Tied Up Tied Down My special guest today is Samhain author, Lorelei James. She’s talking about family trees and books. Over to Lorelei and her Western men!

Shelley contacted me after she’d finished, TIED UP, TIED DOWN, the latest book in my Rough Riders series from Samhain Publishing, wondering if I’d ever considered creating a family tree for the characters as a reference point for readers.

I’ll admit I hadn’t thought of it. I’ll also admit I have lots of characters in my books — no one really is an island, even in the middle of nowhere Wyoming. The Rough Riders books are a Western saga, if you will, featuring a large ranching family. Each book can be read as a standalone, but each book builds on the entire arc of the series, both forward and backward, and each one features a different McKay or West family member.

***Complete disclosure; if I had it to do all over again, I would not have so many ‘C’ and ‘K’ names in this series – although it is something families do frequently out here in the Wild West, begin all offspring’s first names with the same letter.
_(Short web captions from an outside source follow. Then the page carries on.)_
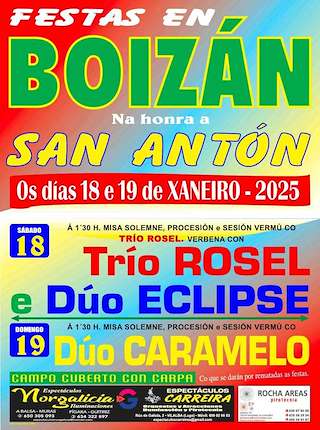 Fechas, información, programa, cartel, imágenes, mapa y ubicación de San Antón de Boizán  en  Vilalba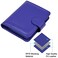 Wisdompro Credit Card Holder PU Leather Slim RFID Blocking Debit Card Protector Wallet Organizer Case with Magnetic Shut Build in 20 Card Slot 7 Small Cells for Memory CardsVertical Blue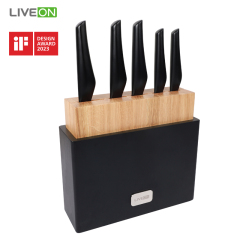 Black color & Anti-bacterial Kitchen Knife Set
As sort of a wink wink nudge nudge to my readers and myself, in TIED UP, TIED DOWN, Skylar complains about the excessive use of the same consonant in the McKay family. And Kane asks his twin brother Kade why their mother gave them such similar names.***

I remember a series by a famous author in which the first couple in the series birthed one kid in the epilogue. Then in the next connected book that same couple were blessed with twins…but no mention of the first child. In the 3rd or 4th book, that same couple had triplets, not twins, still no mention of that poor little forgotten first kiddo. The inconsistency pulled me out of the story. Readers might think it is the copy editor’s job to double check facts and character lineage, but I wonder if the whole incident could’ve been avoided had the author created a family tree.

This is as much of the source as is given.